Task instructions:
Go through the entries and tally the lines containing the word "relacionados". Only the total is wanted.

*** Information supplied Section Begins ***

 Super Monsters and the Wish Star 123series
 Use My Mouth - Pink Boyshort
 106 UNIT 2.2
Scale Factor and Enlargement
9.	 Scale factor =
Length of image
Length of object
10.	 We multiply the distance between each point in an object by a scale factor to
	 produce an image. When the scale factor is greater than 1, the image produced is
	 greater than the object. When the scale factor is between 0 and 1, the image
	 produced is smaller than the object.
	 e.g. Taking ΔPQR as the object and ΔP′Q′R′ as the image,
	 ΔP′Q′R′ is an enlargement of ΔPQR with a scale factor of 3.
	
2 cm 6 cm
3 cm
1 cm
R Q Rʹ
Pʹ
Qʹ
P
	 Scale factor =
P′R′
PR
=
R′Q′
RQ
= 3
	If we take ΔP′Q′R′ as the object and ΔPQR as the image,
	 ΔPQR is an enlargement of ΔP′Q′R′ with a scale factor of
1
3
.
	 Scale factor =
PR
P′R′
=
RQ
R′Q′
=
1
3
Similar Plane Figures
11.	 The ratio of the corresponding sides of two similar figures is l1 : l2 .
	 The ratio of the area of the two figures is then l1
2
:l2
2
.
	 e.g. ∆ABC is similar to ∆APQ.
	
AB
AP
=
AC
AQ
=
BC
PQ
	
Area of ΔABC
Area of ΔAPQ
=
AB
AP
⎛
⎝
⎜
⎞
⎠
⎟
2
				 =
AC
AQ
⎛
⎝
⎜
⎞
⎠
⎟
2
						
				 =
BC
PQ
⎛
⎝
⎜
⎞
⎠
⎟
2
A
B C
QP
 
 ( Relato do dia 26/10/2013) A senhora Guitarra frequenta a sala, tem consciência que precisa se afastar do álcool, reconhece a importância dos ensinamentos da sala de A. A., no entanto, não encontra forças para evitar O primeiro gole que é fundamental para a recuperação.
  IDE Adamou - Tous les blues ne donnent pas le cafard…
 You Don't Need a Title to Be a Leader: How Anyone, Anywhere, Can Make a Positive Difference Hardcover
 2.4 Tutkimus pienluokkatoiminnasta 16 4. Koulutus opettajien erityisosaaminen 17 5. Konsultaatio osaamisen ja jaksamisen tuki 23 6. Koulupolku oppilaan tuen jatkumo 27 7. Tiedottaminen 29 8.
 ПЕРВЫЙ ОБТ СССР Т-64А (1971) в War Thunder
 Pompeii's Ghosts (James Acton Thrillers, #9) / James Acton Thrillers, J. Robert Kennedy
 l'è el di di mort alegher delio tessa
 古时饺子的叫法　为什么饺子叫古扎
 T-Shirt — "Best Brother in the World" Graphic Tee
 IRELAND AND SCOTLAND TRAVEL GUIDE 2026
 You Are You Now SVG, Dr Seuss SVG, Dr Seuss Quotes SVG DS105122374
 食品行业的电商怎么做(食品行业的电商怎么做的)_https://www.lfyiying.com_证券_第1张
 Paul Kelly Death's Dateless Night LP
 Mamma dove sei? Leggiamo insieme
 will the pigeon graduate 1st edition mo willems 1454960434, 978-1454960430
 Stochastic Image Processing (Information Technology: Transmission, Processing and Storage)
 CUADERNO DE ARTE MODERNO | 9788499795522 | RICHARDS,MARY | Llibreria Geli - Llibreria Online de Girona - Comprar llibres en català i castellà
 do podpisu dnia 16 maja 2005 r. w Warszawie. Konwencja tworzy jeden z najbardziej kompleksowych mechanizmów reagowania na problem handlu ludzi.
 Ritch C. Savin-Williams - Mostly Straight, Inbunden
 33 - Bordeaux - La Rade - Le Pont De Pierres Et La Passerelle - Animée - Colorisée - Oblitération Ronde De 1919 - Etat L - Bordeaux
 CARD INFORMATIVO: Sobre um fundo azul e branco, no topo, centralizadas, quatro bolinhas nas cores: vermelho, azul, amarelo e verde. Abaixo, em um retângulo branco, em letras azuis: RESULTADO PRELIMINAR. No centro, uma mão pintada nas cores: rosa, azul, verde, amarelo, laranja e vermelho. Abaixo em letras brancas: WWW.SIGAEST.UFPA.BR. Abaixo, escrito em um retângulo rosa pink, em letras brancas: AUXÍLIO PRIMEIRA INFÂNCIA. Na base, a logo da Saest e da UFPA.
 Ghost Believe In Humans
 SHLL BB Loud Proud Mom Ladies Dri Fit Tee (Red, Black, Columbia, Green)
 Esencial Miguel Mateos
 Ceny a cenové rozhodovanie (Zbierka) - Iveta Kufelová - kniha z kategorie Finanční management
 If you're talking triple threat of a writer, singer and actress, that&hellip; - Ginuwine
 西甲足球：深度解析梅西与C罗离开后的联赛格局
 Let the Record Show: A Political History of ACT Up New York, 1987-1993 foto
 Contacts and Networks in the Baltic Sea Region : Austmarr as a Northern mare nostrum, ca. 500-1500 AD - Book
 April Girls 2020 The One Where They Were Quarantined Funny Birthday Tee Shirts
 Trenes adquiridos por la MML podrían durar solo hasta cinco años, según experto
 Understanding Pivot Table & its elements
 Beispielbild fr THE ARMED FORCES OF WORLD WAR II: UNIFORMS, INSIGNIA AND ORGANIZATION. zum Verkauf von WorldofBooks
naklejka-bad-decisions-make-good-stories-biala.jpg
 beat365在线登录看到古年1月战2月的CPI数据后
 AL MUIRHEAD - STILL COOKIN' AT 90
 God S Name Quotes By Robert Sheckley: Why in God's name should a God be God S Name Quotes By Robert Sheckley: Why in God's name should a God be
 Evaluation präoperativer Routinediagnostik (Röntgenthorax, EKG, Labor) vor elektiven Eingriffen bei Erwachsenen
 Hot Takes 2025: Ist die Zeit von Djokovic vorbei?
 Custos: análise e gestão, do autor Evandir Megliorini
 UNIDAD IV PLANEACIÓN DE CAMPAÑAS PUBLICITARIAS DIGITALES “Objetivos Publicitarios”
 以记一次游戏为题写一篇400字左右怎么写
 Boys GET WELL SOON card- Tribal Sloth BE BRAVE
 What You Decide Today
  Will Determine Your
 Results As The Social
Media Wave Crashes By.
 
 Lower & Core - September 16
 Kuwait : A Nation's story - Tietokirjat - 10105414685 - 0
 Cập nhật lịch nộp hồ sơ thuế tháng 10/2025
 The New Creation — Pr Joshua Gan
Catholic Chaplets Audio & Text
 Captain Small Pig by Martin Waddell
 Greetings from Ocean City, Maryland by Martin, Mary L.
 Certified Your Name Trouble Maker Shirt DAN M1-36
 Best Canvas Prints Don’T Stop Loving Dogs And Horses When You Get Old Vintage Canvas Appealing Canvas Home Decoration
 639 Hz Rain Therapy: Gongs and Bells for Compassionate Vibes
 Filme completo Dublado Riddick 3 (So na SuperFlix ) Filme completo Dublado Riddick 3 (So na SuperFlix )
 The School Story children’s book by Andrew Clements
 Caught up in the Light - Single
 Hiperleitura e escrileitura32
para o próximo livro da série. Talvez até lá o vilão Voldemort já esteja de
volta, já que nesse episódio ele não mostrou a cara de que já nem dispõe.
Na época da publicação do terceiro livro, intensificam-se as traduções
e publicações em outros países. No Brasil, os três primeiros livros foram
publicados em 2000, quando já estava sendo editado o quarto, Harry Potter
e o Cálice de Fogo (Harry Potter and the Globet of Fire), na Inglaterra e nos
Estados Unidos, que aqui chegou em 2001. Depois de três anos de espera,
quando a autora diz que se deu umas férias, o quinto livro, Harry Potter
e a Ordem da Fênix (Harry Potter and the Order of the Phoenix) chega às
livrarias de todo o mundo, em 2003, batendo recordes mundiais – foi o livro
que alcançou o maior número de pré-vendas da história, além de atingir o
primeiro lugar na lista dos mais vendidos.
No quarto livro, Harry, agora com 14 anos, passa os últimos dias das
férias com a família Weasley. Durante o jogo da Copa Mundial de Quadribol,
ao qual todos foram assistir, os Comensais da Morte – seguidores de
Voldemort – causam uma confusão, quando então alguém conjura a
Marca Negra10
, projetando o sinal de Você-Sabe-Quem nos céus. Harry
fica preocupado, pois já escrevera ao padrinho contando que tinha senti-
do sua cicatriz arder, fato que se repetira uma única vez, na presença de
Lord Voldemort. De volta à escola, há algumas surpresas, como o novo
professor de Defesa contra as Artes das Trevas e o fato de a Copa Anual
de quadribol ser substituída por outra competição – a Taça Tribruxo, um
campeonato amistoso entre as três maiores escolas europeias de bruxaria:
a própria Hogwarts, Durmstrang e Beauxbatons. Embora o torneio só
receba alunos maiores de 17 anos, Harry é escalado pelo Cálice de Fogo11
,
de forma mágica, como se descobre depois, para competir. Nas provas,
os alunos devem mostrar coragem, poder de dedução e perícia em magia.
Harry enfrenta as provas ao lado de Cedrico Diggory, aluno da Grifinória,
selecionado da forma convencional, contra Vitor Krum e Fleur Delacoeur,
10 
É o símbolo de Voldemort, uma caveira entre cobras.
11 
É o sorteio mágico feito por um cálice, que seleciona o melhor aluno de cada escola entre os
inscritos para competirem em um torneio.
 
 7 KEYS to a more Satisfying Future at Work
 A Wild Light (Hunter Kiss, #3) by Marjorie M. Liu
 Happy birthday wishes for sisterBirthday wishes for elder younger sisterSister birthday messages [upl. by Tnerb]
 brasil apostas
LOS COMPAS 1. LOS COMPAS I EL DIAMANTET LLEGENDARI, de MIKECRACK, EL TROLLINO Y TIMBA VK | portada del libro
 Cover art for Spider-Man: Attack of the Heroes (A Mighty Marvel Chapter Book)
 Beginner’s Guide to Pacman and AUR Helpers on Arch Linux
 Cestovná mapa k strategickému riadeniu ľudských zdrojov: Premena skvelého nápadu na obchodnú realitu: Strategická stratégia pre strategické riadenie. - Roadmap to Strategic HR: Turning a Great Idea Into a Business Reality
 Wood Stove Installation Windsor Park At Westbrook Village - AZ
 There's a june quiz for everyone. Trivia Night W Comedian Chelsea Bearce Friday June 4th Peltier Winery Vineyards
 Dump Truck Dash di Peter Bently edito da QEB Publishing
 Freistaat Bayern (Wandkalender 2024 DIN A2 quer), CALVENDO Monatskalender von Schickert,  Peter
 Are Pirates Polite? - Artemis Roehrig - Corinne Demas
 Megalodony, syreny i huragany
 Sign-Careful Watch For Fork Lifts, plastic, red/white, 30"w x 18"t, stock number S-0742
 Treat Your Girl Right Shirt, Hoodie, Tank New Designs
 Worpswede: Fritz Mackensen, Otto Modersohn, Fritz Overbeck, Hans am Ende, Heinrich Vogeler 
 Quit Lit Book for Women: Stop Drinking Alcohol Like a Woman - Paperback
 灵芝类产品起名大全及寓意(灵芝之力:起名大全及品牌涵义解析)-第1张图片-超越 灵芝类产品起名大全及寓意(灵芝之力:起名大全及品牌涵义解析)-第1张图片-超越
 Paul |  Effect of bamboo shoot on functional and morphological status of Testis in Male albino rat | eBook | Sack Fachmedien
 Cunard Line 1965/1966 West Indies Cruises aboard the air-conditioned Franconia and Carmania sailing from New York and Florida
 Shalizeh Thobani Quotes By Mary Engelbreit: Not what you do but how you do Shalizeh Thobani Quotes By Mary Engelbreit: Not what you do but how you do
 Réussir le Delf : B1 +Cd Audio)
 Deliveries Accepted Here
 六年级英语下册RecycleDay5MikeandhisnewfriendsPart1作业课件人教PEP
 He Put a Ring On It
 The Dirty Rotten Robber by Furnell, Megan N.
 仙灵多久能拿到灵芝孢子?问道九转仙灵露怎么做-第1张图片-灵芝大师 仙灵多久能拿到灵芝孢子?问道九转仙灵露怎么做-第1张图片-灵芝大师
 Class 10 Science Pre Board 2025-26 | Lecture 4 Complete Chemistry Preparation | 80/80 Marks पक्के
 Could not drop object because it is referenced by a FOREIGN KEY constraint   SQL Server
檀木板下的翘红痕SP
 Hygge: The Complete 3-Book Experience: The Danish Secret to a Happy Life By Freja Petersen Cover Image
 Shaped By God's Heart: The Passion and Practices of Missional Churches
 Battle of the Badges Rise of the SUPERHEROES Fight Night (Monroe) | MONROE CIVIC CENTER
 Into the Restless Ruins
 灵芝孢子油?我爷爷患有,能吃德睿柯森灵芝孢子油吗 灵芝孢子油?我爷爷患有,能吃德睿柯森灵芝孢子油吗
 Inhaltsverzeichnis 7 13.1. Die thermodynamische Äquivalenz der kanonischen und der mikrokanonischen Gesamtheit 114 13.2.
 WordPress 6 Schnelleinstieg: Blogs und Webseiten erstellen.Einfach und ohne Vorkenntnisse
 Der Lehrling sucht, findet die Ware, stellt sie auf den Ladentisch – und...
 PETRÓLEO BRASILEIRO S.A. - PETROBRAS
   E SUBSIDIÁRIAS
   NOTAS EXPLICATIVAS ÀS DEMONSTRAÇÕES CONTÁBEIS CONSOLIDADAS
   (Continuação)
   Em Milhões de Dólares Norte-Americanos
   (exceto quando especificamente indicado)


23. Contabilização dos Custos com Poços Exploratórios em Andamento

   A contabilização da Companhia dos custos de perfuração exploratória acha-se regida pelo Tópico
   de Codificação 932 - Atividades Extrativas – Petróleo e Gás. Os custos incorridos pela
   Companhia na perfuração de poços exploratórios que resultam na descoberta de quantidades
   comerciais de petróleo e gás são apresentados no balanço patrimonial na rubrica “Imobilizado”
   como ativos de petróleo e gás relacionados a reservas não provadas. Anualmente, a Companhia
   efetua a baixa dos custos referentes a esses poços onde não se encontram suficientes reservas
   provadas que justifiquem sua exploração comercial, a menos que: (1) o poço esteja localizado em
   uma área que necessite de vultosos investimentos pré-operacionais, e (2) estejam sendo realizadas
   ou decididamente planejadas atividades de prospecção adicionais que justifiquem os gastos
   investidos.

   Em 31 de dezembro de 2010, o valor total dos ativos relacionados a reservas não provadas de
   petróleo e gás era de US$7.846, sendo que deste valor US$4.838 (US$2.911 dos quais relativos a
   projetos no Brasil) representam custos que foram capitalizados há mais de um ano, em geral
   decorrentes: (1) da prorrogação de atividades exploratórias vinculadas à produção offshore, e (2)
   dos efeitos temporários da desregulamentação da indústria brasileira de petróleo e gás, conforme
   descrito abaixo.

*** Information supplied Section Ends ***

Task result:
2